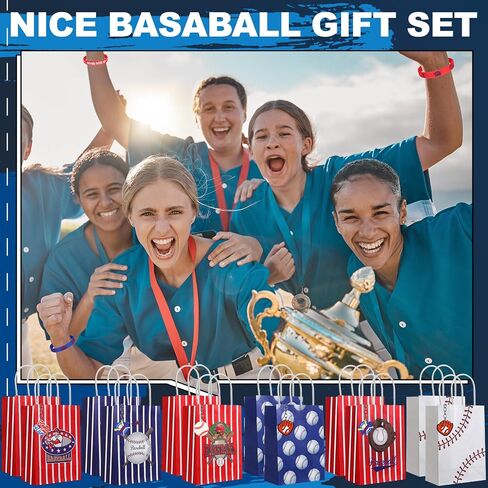 ShinyRelief 72 Pcs Basketball Party Favors Set Includes 24 Paper Gift Bags 24 Silicone Wristbands 24 Sports Stress Balls Goodie Bag Fillers Gifts for Sports Themed Birthday Party Supplies in Kuwait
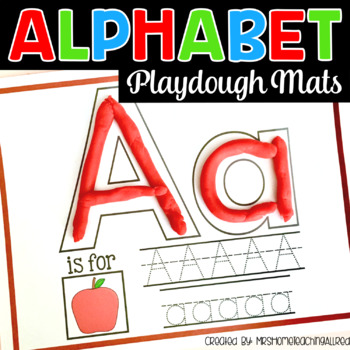 A Z Alphabet Play Dough Mats Printable Playdough Mats For Pre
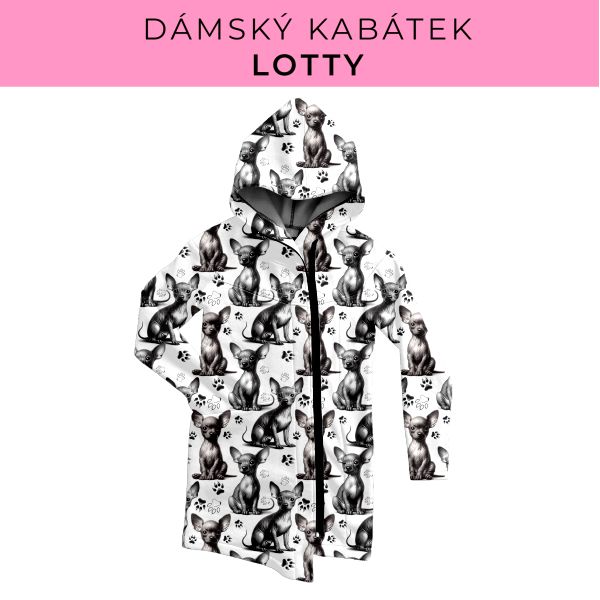 DÁMSKÝ střih - Kabátek Lotty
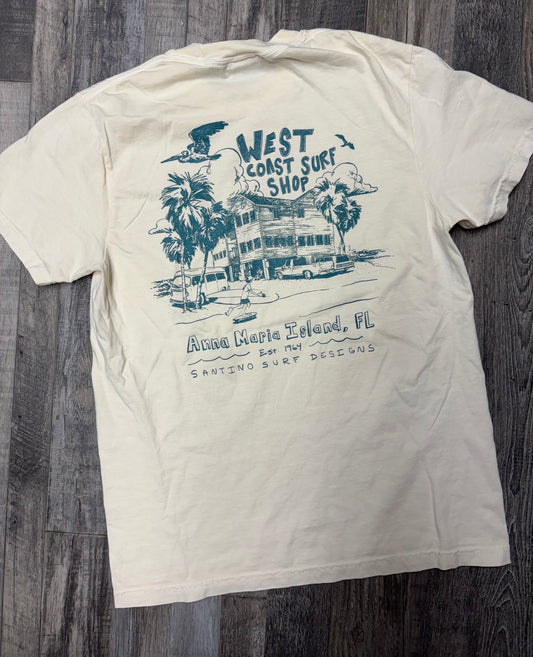 West Coast Surf Shop by Santino Surf Designs Tee
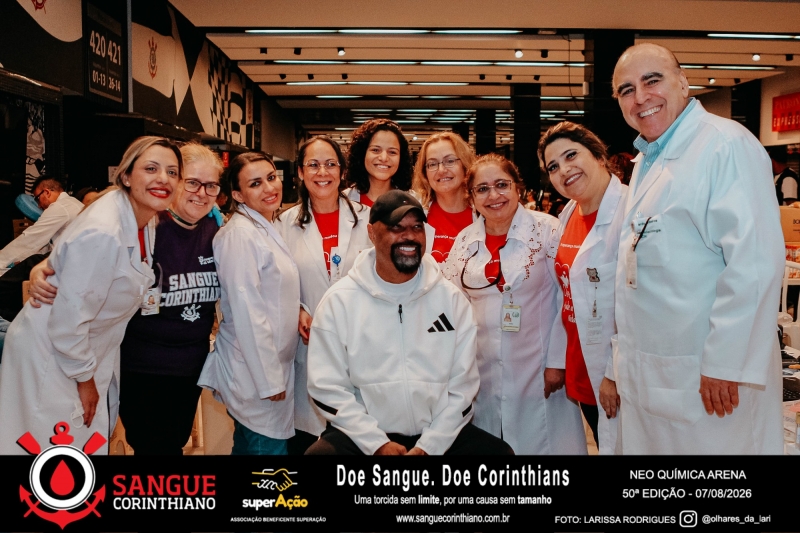 50º Edição - Campanha Sangue Corinthiano - Neo Quimíca Arena - 07 de Agosto 2026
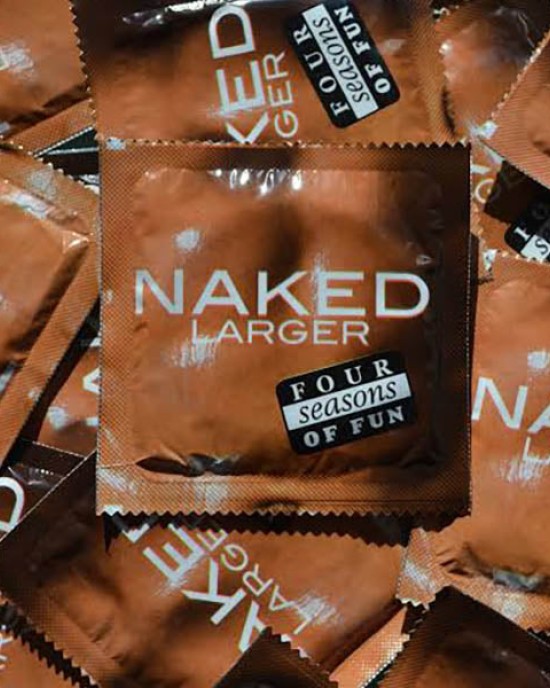 Four Seasons Naked Larger Condoms - Bulk Box of 144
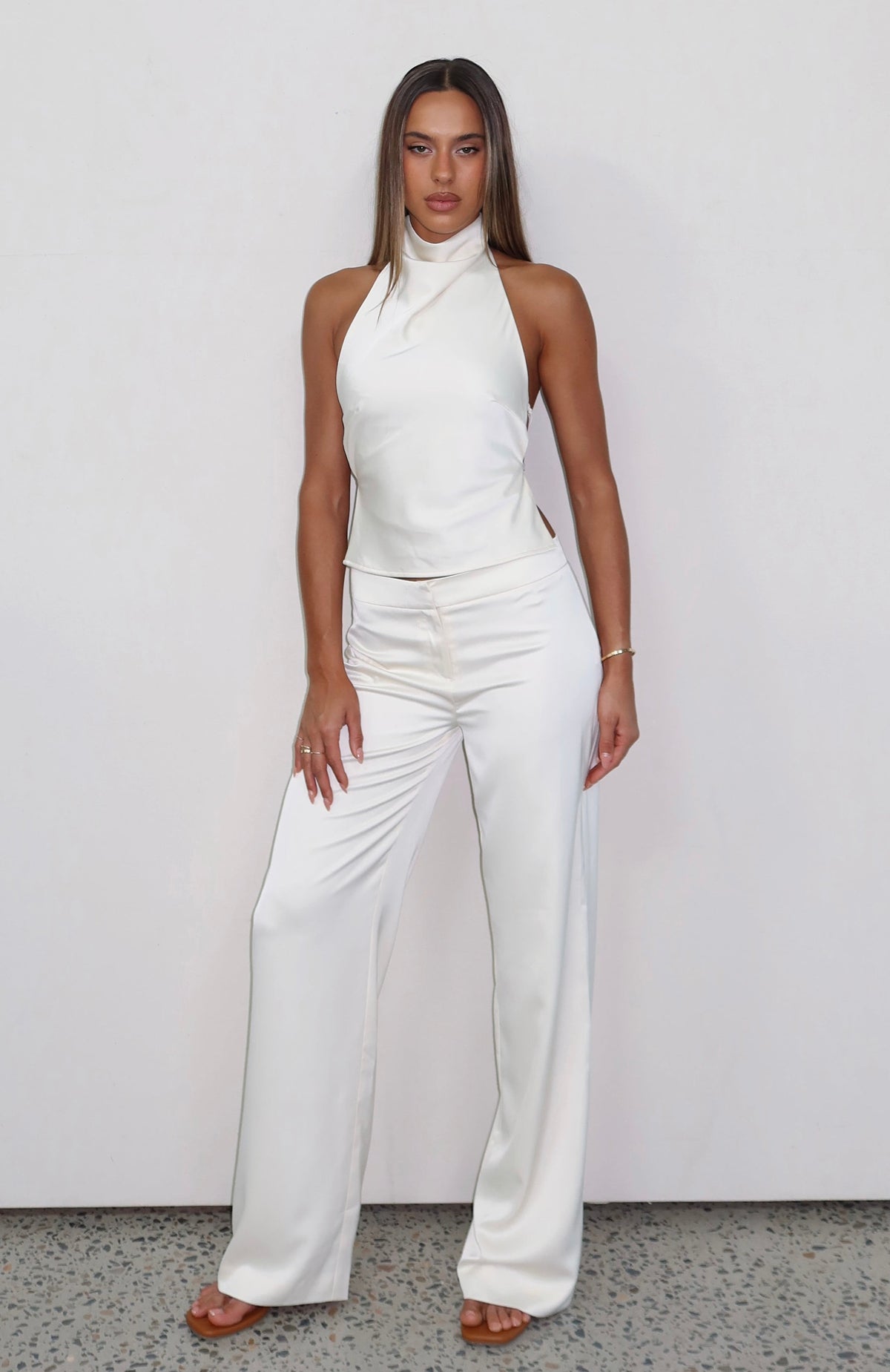 White Fox Time Passes Dress Pants Pearl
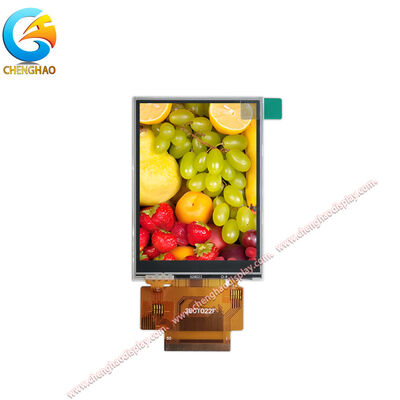 Промышленный 2,8-дюймовый модуль дисплея с сенсорным экраном, широкий температурный диапазон (-20~+70°C), 50-контактный FPC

◆ **How to complete this task**
For this exercise, retype exactly, and only, the lines from the line with "50º Edição - Campanha" through the last line of the material above, both included. Pictures stay out.

◆ **Exercise answer**
 50º Edição - Campanha Sangue Corinthiano - Neo Quimíca Arena - 07 de Agosto 2026
 Four Seasons Naked Larger Condoms - Bulk Box of 144
 White Fox Time Passes Dress Pants Pearl
 Промышленный 2,8-дюймовый модуль дисплея с сенсорным экраном, широкий температурный диапазон (-20~+70°C), 50-контактный FPC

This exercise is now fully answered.